- **What needs to be done**: When the line with "Scripture & Meditations for the Rosary" turns up below, begin repeating exactly, and carry on through the line with "Preview of Readers'"; no pictures go into the copy.
··· Data records ···
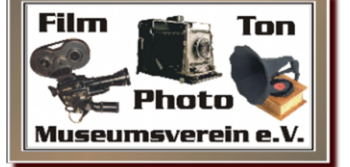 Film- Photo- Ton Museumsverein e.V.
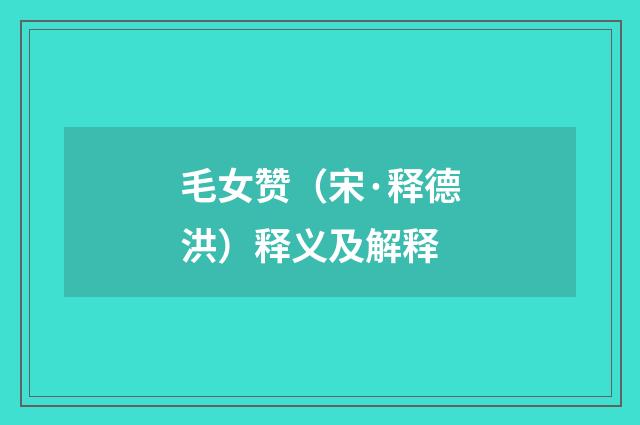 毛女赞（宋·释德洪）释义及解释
···
··· Data records ···
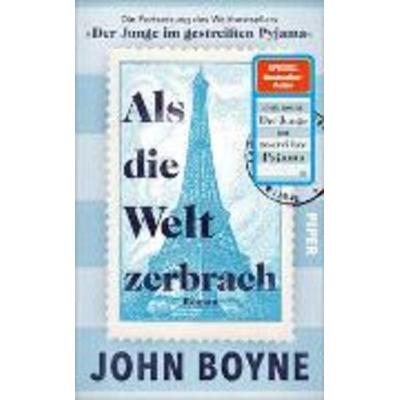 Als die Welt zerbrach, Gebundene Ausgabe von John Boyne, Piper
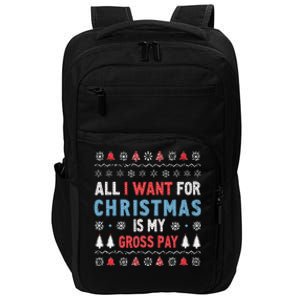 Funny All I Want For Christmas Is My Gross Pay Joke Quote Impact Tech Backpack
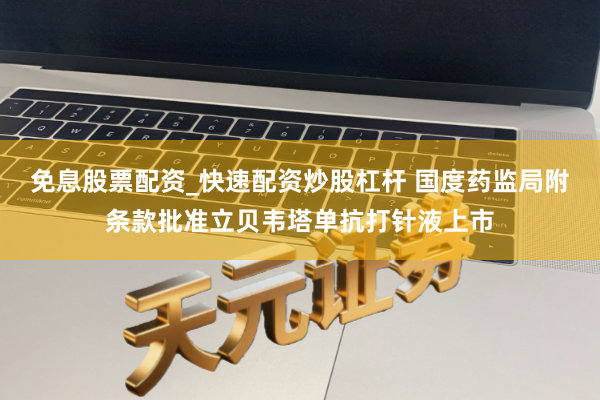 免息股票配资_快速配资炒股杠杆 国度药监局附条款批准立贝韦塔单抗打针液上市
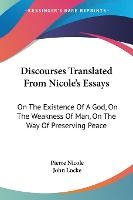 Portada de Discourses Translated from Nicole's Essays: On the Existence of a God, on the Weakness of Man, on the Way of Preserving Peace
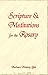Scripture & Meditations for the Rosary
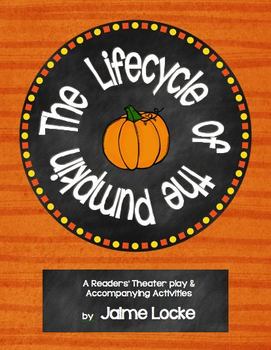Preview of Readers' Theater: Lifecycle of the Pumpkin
···
··· Data records ···
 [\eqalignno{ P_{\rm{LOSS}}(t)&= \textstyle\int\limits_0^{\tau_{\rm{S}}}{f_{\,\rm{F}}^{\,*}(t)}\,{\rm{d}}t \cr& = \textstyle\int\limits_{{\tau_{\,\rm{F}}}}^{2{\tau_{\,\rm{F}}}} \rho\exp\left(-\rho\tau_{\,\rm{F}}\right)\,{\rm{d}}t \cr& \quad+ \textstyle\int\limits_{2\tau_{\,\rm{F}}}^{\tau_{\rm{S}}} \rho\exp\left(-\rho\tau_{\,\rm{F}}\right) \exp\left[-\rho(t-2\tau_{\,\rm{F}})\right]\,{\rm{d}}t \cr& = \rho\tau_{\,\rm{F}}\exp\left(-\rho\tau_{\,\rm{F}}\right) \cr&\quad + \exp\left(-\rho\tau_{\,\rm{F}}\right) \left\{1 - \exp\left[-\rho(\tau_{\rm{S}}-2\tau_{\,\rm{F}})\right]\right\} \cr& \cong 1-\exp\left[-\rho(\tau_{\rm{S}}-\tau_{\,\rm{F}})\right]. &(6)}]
···
- **Written solution**:
Scripture & Meditations for the Rosary
Preview of Readers' Theater: Lifecycle of the Pumpkin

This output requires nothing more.